── Input records

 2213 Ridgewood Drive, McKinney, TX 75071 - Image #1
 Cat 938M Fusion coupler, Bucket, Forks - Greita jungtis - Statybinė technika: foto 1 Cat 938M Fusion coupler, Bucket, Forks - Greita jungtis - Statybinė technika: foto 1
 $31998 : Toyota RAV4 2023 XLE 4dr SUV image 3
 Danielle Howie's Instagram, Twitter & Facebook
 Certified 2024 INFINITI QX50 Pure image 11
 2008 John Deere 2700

────
── Input records

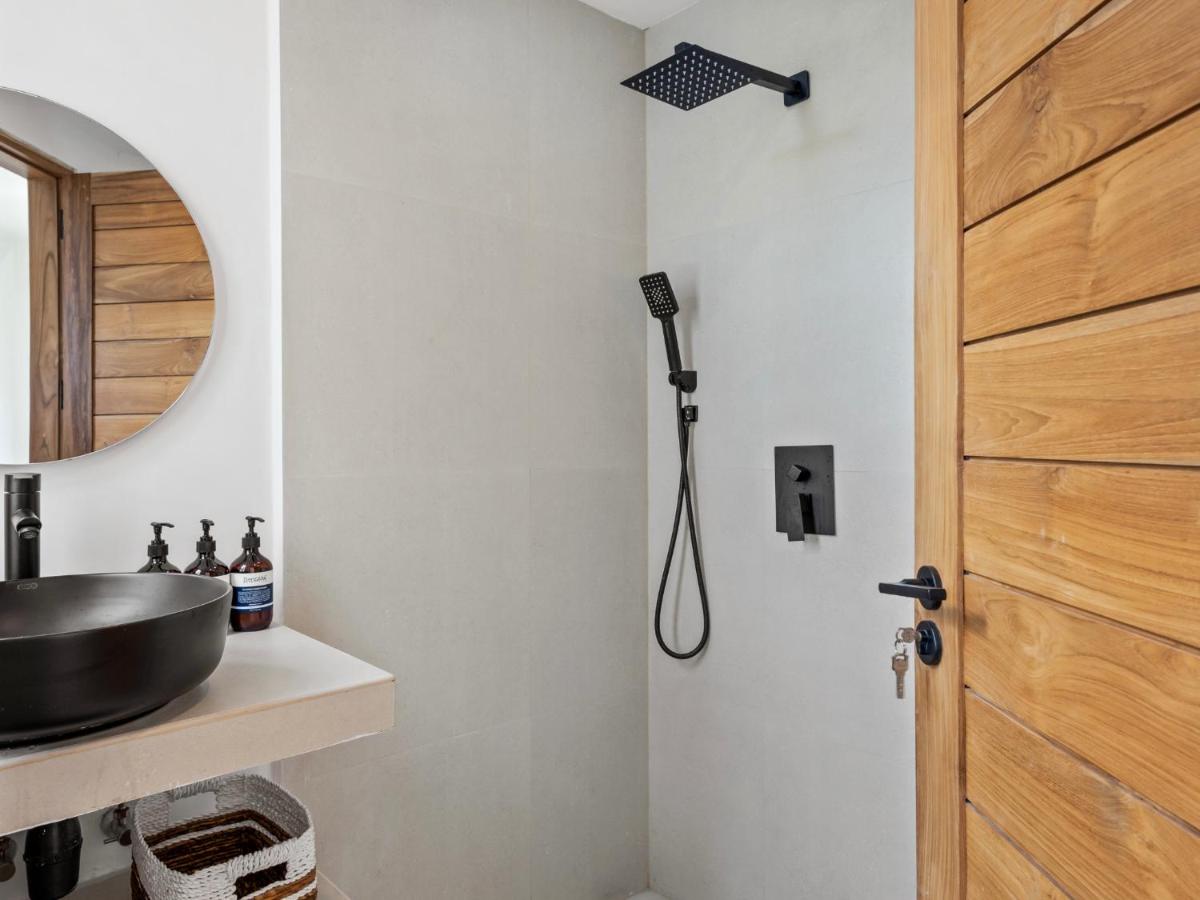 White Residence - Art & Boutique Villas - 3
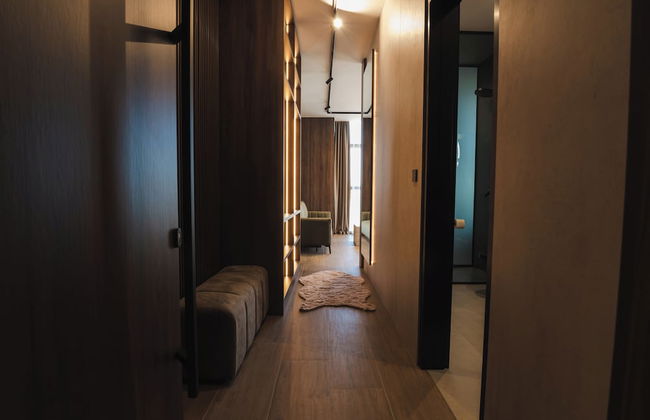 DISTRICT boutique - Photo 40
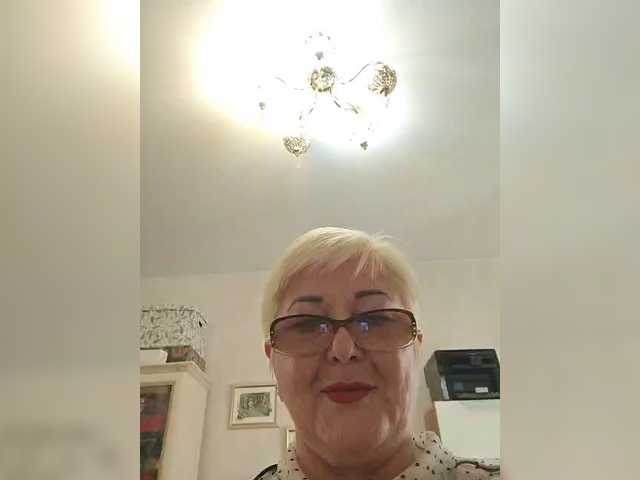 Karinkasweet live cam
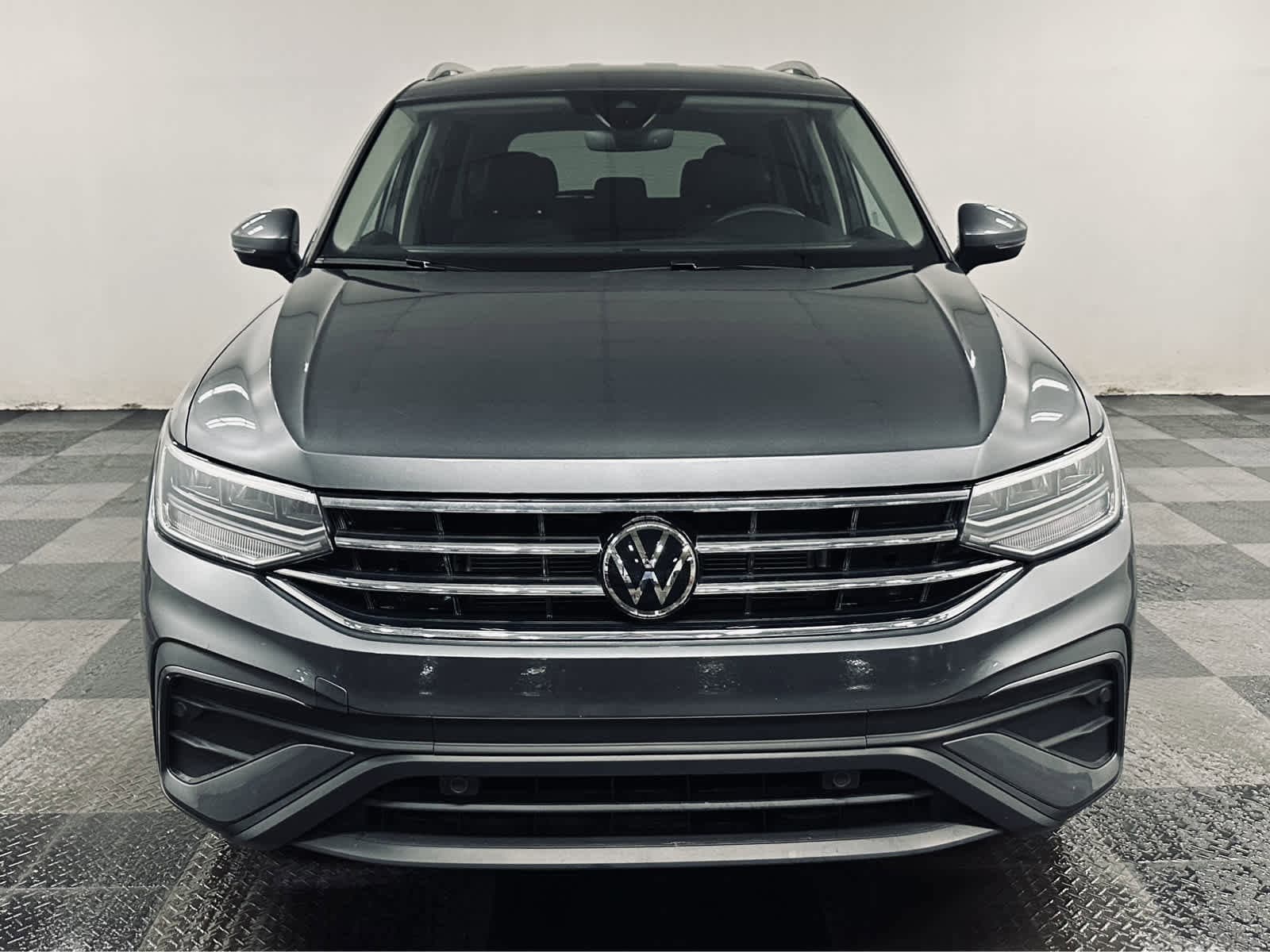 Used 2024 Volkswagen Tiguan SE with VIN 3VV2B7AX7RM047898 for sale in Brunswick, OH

────

● **About this exercise**
From the records above, print only the lines between the one holding "Danielle Howie's Instagram, Twitter" and the one holding "2008 John Deere 2700", inclusive, exactly as they stand.

● **Task answer**
 Danielle Howie's Instagram, Twitter & Facebook
 Certified 2024 INFINITI QX50 Pure image 11
 2008 John Deere 2700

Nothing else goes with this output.